The overall situation in the US economy has improved during the last weeks. The housing market stabilised, most confidence indicators are rising and GDP growth rates went up further. We believe in a strong US domestic market additionally driven by the shale gas revolution. This is likely to lead to additional investments in durable goods. This environment may potentially push bond yields higher towards 3.5% which can be a region where stock markets may react significantly and rising housing costs may affect mortgage demand negatively and therefore housing investment.

Mr Carney introduces forward guidance

The BoE is also linking its monetary policy to unemployment
On 7 August, the Bank of England (BoE) provided forward guidance on interest rates. The BoE does not intend to raise the Bank Rate (currently at 0.5%) until, at a minimum, the unemployment rate has fallen to 7% or below. Should this threshold be met, it would not automatically lead to a raise in interest rates but to a reassessment by the BoE of its policy. Moreover, the forward guidance could be bypassed if one out of three conditions were to be breached. These three conditions, or knockouts, are based on:
- the inflation outlook (if the Monetary Policy Committee finds it more likely to see CPI inflation, 18 to 24 months ahead, 0.5 percentage points or more above the 2% target),
- inflation expectations (if medium-term inflation expectations, measured by survey and forecasts on market participants, no longer remain sufficiently well anchored),
- financial stability (if the Financial Policy Committee judges that forward guidance is causing asset bubbles).
It should also be noted that as long as the unemployment threshold is not reached and that no knockout has been breached, the BoE intends not to reduce its asset purchase programme and even stands ready to expand it. As the BoE currently only expects to see unemployment reach 7% in the second half of 2016, at the earliest, forward guidance suggests that monetary policy should remain supportive for the next three years.

Additional quantitative easing unlikely in the next months
The introduction of forward guidance indicates a new monetary strategy from the BoE, which previously relied mostly on expanding its asset purchases programme. Furthermore, the improving UK economy coupled with a Committee, which was already against additional stimulus when the UK economy was weaker, signal that an increase in quantitative easing is unlikely in the next months.

Short-term outlook for GBP is positive

The market is not convinced by the BoE's forward guidance
Mr Carney's arrival as the BoE's chairman was expected to bring a more dovish tone to the BoE's monetary policy. However, the announced forward guidance was widely expected by the markets and the knockouts soften the pledge, especially as the minutes later showed that one member voted against the guidance as he wanted a more rigorous condition (i.e. a shorter time horizon) on the inflation outlook. Taking into account the latest strong economic indicators, market expectations continue to bet on a first hike in 2015. As a result, long-term interest rates have risen and the British pound has appreciated.

The outlook is supportive for the British pound in the coming months
Short-term drivers are in favour of further British pound appreciation.

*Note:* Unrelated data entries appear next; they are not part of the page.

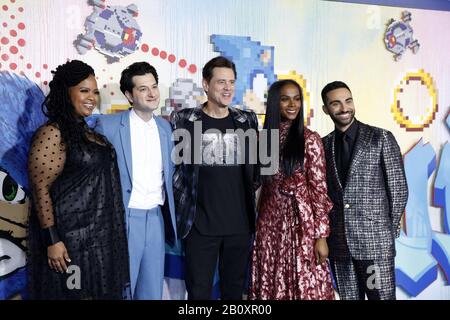 Februar 2020, Westwood, CA, USA: Los ANGELES - 12. FEBRUAR: Natasha Rothwell, Ben Schwartz, Jim Carrey, Tika Sumpter, Lee Majdoub beim Special Screening "Sonic The Hedgehog" im Village Theatre am 12. Februar 2020 in Westwood, CA (Credit Image: © Kay Blake/ZUMA Wire) Stockfoto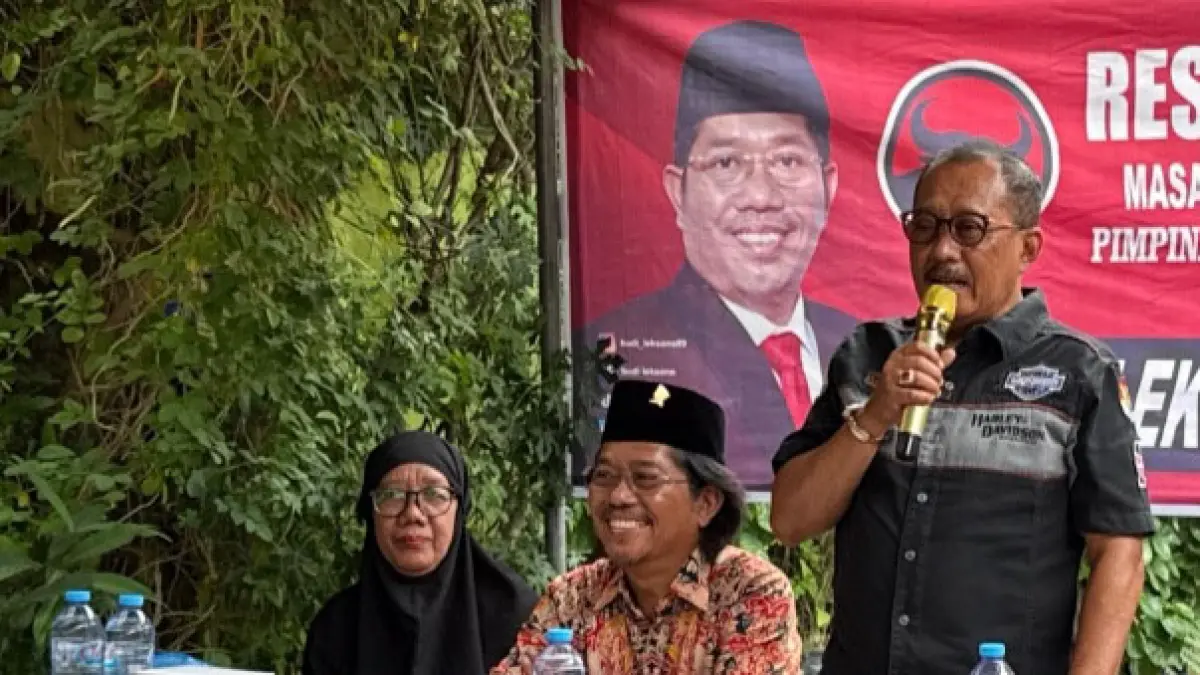 Anggota Komisi B DPRD Surabaya Budi Leksono (tengah) bersama Wawali Armudji (paling kanan) mendengar keluhan warga Tembok Dukuh. (IST)

&nbsp;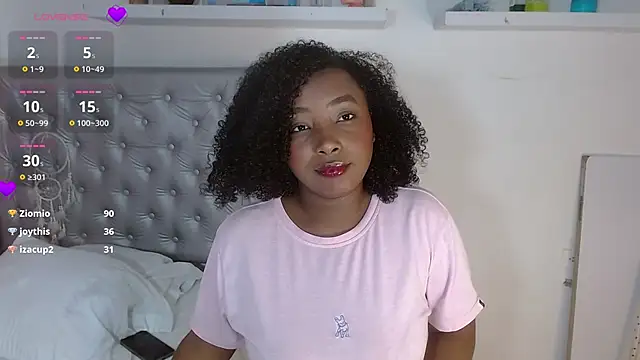 angiellam online show from November 5, 2025, 3:59 pm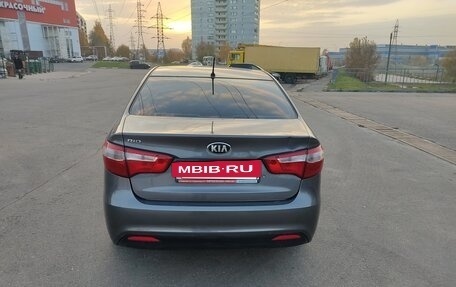 KIA Rio III рестайлинг, 2013 год, 585 000 рублей, 2 фотография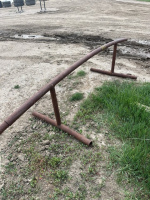 Low pipe stand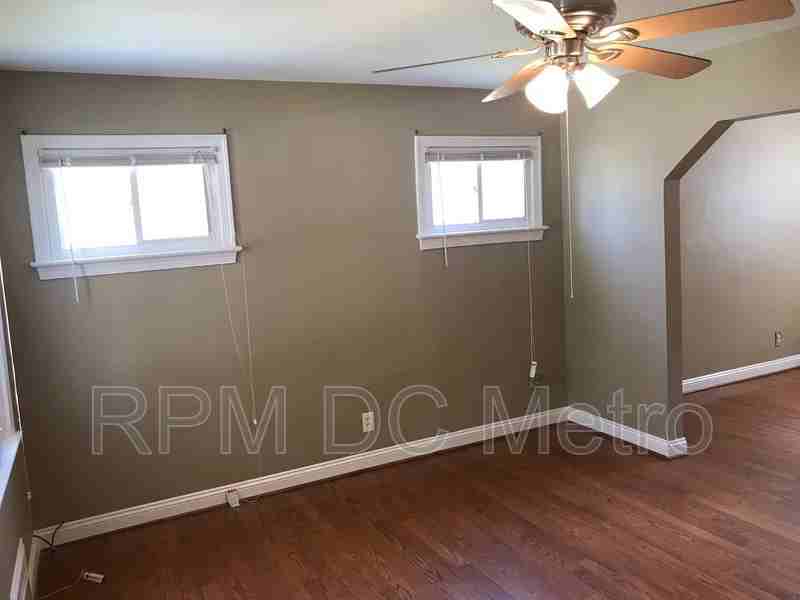 5305 Central Ave Se - Photo 3 of 18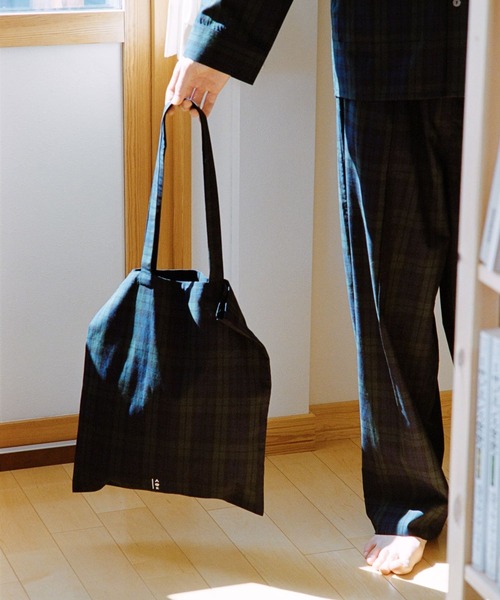 A part by（アパートバイ）の「【e/rm】AORコラボパジャマ(ユニセックス)（ルームウェア/パジャマ・レディース・カーキ/レッド・FREE）」の7枚目の写真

Indeed, the IMM data (see page 7) show that investors are still short, therefore capitulation among GBP sellers could lengthen the current appreciation of the pound. Also, as previously mentioned, the introduction of forward guidance marks a shift in the BoE's monetary strategy. Therefore, an increase of the BoE asset purchases is unlikely in the coming months, especially in light of the recent batch of strong economic indicators. On the other hand, the medium-term outlook is less positive for the British pound, as its central bank stance should remain very dovish in 2014 relative to the ECB and the Fed, which should be in the midst of its tapering process. Taking into account the technical configurations, GBP/AUD represents our preferred way to be exposed to further GBP strength, with an objective at 1.8144. Our second preferred cross is GBP/JPY, but we would wait for lower prices as fiscal policy uncertainties are elevated. GBP/CAD could also be interesting as it is close to breaking a three year range. A decisive break of the range would likely lead to a phase of GBP appreciation towards 1.7699.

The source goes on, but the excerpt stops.